## Lagrangian rejection and fitting/2

Summarizing the previous article: we have a set $S$ of $m$ samples, mostly affected by errors having a Gaussian distribution. Zero or more of the samples may be outliers, that is affected by exceptional errors which do not fit in the Gaussian distribution. We want to find  the parameters $p$ of a model fitting the samples, excluding the outliers, and we try with

$\min_{p, w} \sum_i (1+w_i)^2 d (p, S_i)$   subject to   $\sum_i w_i^2 = q$

With respect to existing statistical methods like RANSAC and LMedS, this new method has the advantage that the weights $w_i$ are not binary but are treated as true real numbers, so that a closed form solution is available.

This is a problem of constrained minimum which can be solved with the method of Lagrange multipliers.

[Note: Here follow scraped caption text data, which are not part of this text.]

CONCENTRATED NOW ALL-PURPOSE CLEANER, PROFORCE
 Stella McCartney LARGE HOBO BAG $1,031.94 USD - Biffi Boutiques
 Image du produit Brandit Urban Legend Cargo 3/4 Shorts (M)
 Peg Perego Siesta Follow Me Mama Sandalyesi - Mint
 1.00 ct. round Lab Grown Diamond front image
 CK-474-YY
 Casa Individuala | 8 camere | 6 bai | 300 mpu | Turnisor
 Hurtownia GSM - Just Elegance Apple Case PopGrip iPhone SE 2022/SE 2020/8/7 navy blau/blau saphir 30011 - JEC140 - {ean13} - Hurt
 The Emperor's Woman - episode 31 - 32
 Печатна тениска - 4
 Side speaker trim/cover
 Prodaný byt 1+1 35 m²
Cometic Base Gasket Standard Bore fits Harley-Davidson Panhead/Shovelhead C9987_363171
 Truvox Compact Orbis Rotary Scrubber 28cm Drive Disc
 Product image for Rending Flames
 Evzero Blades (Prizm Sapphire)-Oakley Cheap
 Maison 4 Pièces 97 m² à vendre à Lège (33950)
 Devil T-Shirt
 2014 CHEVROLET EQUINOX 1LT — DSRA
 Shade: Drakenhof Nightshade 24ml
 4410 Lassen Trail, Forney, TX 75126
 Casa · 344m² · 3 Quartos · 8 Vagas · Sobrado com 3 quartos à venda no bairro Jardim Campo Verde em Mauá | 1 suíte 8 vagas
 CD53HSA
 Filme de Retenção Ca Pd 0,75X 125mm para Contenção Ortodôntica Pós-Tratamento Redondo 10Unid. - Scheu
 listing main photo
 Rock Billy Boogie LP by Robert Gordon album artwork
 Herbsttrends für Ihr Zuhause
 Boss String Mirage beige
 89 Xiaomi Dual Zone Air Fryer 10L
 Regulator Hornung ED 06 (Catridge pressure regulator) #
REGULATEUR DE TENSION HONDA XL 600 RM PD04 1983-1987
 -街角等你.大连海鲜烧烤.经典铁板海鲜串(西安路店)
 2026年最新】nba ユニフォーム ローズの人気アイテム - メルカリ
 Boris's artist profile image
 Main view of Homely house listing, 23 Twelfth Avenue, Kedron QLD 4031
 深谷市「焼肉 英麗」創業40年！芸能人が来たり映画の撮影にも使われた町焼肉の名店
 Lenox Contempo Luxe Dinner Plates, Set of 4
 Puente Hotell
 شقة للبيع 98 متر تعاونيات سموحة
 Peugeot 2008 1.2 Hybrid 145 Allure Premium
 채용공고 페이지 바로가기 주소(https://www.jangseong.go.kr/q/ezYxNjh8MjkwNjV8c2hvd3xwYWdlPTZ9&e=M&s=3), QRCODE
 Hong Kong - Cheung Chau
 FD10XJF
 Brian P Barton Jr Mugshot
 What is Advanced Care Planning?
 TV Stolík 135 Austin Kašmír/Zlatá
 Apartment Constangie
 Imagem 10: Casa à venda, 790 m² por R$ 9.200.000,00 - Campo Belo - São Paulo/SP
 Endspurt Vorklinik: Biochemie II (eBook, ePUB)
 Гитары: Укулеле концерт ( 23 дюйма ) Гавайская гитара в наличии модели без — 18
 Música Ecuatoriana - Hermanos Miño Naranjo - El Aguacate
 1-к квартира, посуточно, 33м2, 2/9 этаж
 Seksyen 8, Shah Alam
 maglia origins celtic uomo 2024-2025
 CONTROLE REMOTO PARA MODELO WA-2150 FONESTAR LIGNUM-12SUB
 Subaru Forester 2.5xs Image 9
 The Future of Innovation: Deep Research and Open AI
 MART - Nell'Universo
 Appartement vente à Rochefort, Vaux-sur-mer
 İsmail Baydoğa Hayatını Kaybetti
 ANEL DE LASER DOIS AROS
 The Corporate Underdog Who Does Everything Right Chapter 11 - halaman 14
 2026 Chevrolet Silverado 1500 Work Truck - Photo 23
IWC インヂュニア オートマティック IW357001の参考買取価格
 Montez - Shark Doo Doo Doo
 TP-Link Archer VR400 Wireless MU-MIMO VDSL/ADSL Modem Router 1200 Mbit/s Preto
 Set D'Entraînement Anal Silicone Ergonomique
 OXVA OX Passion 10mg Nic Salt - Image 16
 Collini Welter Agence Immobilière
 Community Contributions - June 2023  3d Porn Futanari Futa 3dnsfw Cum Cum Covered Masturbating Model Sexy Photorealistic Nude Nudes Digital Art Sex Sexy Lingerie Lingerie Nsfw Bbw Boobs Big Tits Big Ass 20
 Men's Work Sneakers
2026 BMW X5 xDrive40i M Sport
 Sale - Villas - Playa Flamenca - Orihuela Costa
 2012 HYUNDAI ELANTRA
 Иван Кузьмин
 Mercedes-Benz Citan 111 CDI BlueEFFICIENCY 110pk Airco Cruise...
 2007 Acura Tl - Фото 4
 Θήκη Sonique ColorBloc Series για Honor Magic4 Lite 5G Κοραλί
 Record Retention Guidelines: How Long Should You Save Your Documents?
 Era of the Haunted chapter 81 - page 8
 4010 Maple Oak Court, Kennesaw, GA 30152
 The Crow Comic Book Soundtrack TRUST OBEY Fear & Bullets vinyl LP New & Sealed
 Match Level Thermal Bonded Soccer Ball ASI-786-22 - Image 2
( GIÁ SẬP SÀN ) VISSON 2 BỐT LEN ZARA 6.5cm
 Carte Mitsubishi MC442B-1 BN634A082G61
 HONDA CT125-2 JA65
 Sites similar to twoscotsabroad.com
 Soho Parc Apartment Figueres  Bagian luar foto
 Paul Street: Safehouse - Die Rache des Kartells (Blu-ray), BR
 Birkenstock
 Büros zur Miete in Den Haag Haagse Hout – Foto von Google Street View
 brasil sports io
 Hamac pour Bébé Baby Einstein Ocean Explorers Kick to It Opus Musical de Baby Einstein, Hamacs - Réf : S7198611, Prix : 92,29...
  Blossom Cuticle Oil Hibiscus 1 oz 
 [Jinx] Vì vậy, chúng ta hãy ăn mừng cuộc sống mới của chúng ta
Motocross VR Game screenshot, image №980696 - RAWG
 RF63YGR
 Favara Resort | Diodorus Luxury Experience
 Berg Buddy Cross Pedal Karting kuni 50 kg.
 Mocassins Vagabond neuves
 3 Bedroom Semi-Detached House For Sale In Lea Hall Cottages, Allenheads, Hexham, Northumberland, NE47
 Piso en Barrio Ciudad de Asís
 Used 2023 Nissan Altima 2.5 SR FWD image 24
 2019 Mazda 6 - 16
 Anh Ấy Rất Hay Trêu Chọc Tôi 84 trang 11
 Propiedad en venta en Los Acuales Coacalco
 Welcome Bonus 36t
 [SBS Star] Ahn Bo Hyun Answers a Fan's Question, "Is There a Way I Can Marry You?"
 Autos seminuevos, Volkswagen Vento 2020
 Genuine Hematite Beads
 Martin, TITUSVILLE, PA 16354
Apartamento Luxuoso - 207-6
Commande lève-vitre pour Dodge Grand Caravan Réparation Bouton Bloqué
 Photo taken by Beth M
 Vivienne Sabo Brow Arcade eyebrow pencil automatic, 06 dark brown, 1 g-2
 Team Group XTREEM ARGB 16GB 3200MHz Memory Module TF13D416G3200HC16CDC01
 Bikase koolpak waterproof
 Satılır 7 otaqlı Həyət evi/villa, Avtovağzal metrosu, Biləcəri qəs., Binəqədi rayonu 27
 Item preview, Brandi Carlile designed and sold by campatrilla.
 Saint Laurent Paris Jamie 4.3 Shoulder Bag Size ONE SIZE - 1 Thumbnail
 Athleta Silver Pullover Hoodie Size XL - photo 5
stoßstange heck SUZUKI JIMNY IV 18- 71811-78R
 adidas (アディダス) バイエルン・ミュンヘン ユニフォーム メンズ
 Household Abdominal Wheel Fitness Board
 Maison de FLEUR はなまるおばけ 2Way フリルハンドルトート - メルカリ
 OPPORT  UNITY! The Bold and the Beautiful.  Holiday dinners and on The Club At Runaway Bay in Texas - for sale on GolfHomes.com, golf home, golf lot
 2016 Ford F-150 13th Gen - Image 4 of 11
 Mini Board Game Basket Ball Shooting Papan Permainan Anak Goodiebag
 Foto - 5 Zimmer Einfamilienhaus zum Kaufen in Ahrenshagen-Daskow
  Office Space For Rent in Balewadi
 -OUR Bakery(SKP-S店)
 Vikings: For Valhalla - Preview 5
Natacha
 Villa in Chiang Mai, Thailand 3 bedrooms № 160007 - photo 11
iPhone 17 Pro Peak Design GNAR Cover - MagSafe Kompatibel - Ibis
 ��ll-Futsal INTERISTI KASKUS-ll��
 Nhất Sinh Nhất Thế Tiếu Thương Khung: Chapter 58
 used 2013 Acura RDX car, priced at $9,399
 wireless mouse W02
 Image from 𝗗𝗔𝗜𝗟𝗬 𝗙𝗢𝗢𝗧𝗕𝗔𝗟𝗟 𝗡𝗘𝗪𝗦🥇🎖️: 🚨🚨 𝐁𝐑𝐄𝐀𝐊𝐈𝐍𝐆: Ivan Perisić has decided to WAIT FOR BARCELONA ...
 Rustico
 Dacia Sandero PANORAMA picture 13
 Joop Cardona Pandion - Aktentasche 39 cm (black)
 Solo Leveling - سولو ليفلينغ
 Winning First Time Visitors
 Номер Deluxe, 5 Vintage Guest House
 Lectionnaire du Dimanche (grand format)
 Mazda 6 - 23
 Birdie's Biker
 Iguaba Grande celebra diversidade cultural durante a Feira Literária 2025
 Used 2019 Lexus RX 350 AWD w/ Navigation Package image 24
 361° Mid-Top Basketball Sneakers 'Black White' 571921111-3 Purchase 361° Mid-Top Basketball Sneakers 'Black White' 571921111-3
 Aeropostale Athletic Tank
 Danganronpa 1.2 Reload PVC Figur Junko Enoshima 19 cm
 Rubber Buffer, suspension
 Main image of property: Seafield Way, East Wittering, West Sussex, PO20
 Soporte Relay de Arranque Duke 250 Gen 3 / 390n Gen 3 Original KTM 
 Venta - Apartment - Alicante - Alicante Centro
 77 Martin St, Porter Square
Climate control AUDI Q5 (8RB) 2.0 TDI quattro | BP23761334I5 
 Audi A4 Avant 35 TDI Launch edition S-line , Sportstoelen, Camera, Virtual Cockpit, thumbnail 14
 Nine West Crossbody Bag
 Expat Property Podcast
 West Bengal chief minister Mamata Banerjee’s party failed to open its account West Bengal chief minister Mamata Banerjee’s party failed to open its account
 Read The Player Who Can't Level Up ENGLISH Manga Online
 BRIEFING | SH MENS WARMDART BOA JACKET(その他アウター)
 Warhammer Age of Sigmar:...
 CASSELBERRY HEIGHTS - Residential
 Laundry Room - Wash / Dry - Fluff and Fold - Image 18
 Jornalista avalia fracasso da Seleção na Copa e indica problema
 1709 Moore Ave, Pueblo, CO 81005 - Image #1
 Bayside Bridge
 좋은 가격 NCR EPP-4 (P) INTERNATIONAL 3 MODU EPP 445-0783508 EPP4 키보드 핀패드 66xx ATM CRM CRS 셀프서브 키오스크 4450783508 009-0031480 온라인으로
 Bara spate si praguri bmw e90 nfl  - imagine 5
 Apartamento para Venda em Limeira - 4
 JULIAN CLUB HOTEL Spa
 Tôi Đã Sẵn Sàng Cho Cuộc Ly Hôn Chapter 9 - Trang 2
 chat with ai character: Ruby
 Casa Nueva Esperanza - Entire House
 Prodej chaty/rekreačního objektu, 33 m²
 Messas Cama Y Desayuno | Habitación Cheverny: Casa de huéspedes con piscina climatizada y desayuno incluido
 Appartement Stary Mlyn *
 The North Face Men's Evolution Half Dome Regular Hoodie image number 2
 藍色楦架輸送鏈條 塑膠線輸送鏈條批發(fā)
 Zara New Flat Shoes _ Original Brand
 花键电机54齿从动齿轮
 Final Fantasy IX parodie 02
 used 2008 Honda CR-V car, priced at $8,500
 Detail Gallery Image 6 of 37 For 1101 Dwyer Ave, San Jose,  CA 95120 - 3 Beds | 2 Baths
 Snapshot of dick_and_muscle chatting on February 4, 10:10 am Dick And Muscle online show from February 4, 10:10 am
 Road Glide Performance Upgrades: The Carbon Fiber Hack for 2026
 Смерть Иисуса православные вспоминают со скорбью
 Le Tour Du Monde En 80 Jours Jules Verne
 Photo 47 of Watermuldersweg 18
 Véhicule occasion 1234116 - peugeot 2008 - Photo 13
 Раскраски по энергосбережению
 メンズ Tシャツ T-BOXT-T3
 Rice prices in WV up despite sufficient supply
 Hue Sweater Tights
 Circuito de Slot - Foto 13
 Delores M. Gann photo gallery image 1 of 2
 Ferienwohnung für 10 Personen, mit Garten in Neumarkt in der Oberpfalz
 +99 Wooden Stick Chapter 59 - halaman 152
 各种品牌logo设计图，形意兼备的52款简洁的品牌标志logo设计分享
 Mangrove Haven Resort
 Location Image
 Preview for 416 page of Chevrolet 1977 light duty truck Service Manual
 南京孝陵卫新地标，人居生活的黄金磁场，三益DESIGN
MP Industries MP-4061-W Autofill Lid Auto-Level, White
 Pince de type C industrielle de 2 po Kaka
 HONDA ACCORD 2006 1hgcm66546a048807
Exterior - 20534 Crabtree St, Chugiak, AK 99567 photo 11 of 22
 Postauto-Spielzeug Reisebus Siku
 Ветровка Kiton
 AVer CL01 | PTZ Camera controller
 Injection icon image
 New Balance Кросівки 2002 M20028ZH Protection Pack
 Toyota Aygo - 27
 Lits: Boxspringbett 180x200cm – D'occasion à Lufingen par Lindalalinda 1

The lagrangian function is

$\Lambda (p, w) = \sum_i (1+w_i)^2 d (p, S_i) + \lambda (\sum_i w_i^2 - q)$

As usual, the system of equations to be solved is

$\nabla_{p,w} \Lambda = 0$

$\sum_i w_i^2 - q = 0$

that is:

$\sum_i (1+w_i)^2 \dfrac{\partial d (p, S_i)}{\partial p_1} = 0$

$\sum_i (1+w_i)^2 \dfrac{\partial d (p, S_i)}{\partial p_n} = 0$

$(1+w_1) d (p, S_1) + \lambda w_1 = 0$

$(1+w_m) d (p, S_m) + \lambda w_m = 0$

$\sum_i w_i^2 - q = 0$

This system of nonlinear equations can be easily solved, eg with some variant of the Newton method.

The initial approximation for the parameters $p$ can be obtained by preliminarly performing a least squares fitting on all the samples, including outliers, and a reasonable initial approximation for the weights is $w_i = \sqrt{\dfrac{q}{n}}$   $\forall i$.

For $\lambda$, a null initial approximation should be avoided, as it can lead to a very slow convergence.